§ **Activity**: Every word in the data below belongs in your copy, exactly as given; the pictures do not.

§ **Raw data**:
╔══
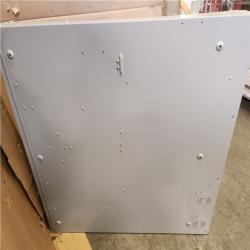 Phoenix Siemens 400 Amp 6-Space 3-Circuit Overheard/Underground Solar Ready Surface Mount Meter Main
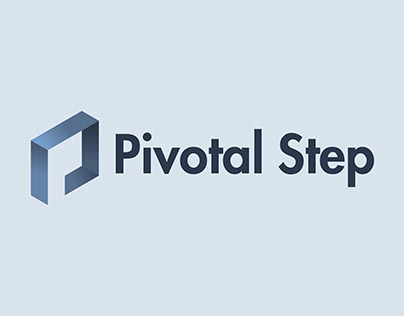 Pivotal Step - Branding Project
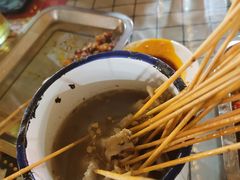 -郑喜旺烧烤(新密总店)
╚══
§ **Answer**:
 Phoenix Siemens 400 Amp 6-Space 3-Circuit Overheard/Underground Solar Ready Surface Mount Meter Main
 Pivotal Step - Branding Project
 -郑喜旺烧烤(新密总店)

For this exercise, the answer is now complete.